Громко и противно орали вечно голодные чайки, которых я совершенно не ожидал здесь, на крайнем севере, увидеть — если верить карте, а оснований в ней сомневаться у меня не было, полуостров прибытия находится значительно севернее не только Зеленого Острова, но и Острова Ледяного.
Снова подумал о Рыжей-и-Смешливой: ей нравились такие, климатически-парадоксальные места, а мне нравится, когда что-то по душе ей.
- Полуостров Rybachiy, - девушка Анна Стогова сошла по трапу прямо передо мной, и теперь, обернувшись, пустилась в объяснения. - Самое теплое место советского Крайнего Севера.
- Звучит достаточно интересно, - попробовал проявить вежливость уже думающий о своем, почти собачьем, я. - Означает ли этот топоним нечто особенное?
- Земля рыбаков, - американский инженер опередил девушку-переводчика с некоей особенной, хорошо заметной, веселостью бытового хама. - Тут во все времена водилась рыба, очень, очень много рыбы, профессор. Море местное не замерзает принципиально, а значит, вместе с рыбой и из-за нее в краях этих всегда оказывались и ловцы.
- Это ведь совсем север, куда ближе к полюсу, чем даже мои родные края, - решил уточнить я. - И вулканов совсем нет, наверное. Зимой должно быть очень холодно, да и летом не сильно теплее…
- Гольфстрим, Локи, - американский инженер порадовал меня пониманием физической географии: до того я искренне полагал американцев полнейшими невеждами в этой интересной и полезной области человеческого знания. - Точнее, самый дальний его край. Две сотни морских миль к востоку — и начинается заполярье уже настоящее, очень холодное и потому почти вечно замерзшее, если не считать, конечно, короткого лета.
- Я понимаю, - почти согласился я с инженером, - что где-то здесь заканчивается теплое течение, но одной только силы его тепла вряд ли бы хватило на то, чтобы в краю вечной зимы устроить вечное же лето… Или, хотя бы, позднюю осень.
Тем временем, на причал с борта сошли мы все: даже неизвестного мне звания член экипажа, левитировавший за нами следом ручную кладь. Сошли и двинулись в сторону берега, а значит — и местного морского вокзала.
- Дело, конечно, не только в течении, - проявила знание материала девушка Анна Стогова, ловко вклинившаяся между мной и Хьюстоном. - Имеются гипотезы, разработаны теории… Разные. Например, отечественные климатологи давно отмечали, что в округе практически не водятся ледяные спектры — а ведь тысячей километров к востоку от них попросту нет житья!
Я встрепенулся: как и все, что связано с физикой низких температур, стихийные духи холода — как раз по моей части.
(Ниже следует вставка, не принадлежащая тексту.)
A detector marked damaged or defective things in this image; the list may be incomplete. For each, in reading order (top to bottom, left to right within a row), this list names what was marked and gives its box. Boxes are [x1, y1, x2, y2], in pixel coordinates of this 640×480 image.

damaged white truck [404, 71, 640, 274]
- Полагаю, дело в том, что серьезно нарушена сетка лей-линий, - пояснил профессор гляциологии в моем лице. - Мне приходилось сталкиваться с подобными явлениями, и даже чаще, чем можно предположить. Некое явление, процесс или даже, не поверите, сильная личность… Факторов, влияющих на эфирные константы так, что сам эфир идет вразнос, может быть много, иногда — много, одновременно и в одном и том же месте.
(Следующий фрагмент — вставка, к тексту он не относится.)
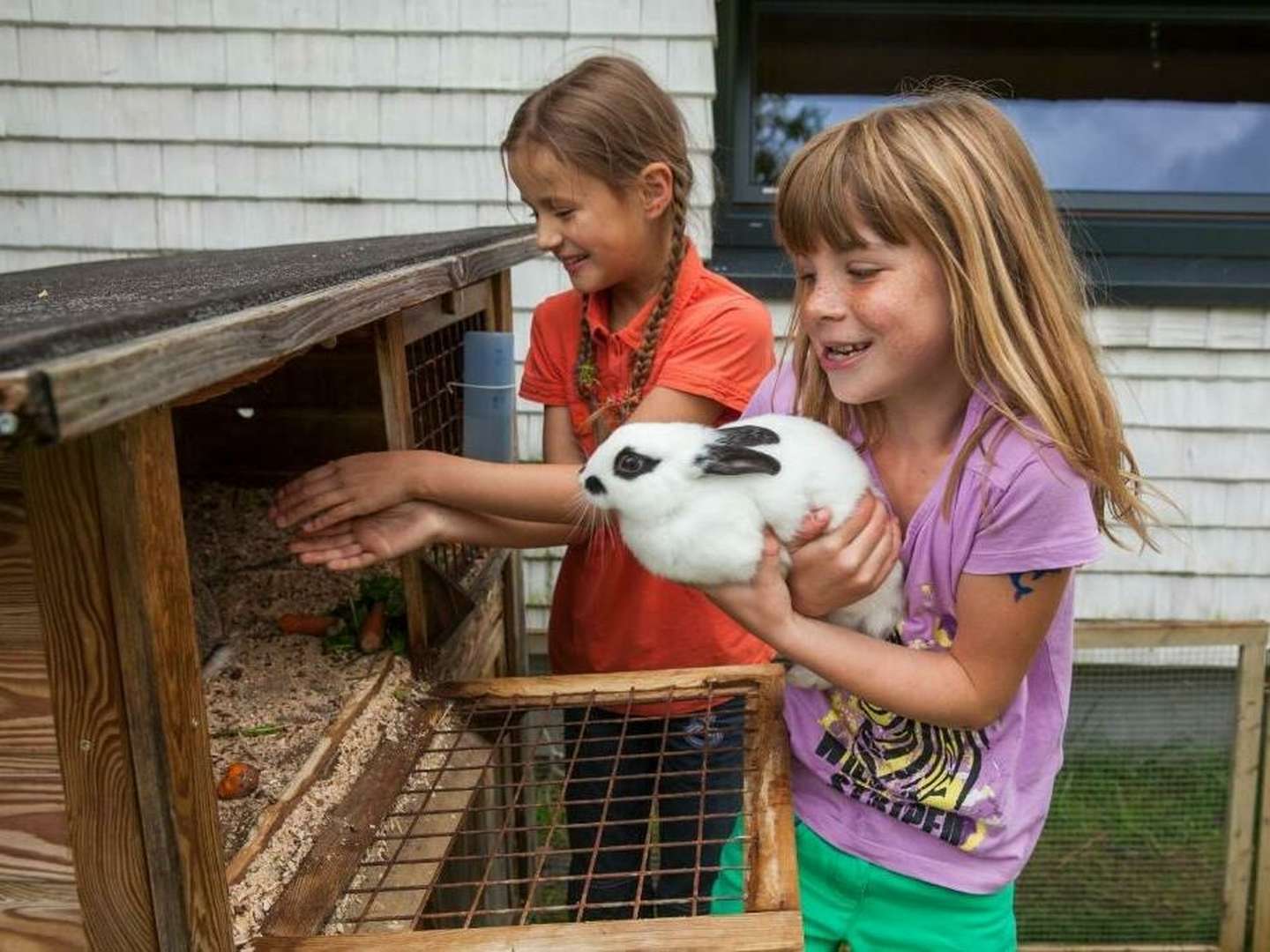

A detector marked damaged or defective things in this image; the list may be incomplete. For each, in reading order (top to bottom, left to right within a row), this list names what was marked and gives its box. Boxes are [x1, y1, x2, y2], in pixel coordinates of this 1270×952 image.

rusty wire mesh [406, 317, 485, 589]
rusty wire mesh [322, 680, 757, 933]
Некая мысль, обосновавшаяся теперь в самом дальнем и пыльном углу моей ментальной сферы — хотя у шара, даже эфирно-виртуального, углов быть не может по определению — сделала пару шагов, первых и от того робких, с периферии в сторону центра внимания. Мысль народившаяся оказалась как-то связана с аномально теплым северным краем, но додумать ее до конца я не успел — неторопливо, за умной беседой, шествуя по пристани, мы, наконец, добрались до здания морского вокзала.
Вокзал оказался одновременно солиден и воздушен, хотя так и не бывает, во всяком случае, как я полагал до этого времени.
Например, габариты здания: они казались избыточными для заштатного морского порта, ажурные конструкции же напоминали рвущийся к солнцу лес. Картину довершала багряно-золотая окраска бетонных, видимо, «деревьев»: тем самым предполагаемый лес становился совершенно осенним.
- Как Вам домик, Локи? Нравится? - весело поинтересовался инженер. - Мне тоже. Десятый раз его вижу, можно сказать, юбилей, восхищаться никак не перестану. Эльфы строили, морские, строительная коммуна Мариенбурга. Старшие расы умеют нечто такое, чего нам, Вторым Детям, не понять и не освоить, правда?
Мне стало неприятно — в очередной раз за этот долгий день. Положительно, бесцеремонность некоторых представителей советской технической интеллигенции начинала действовать на нервы: может быть, столь энергичный подход и был оправдан, будучи применен где-нибудь посреди заводского производства, но в повседневной жизни мне таковой претил.
- Я, если вы не заметили, - поспешил оппонировать некий профессор, - вообще кинокефал, практически зверолюд. То есть, в общем, из Третьих Детей.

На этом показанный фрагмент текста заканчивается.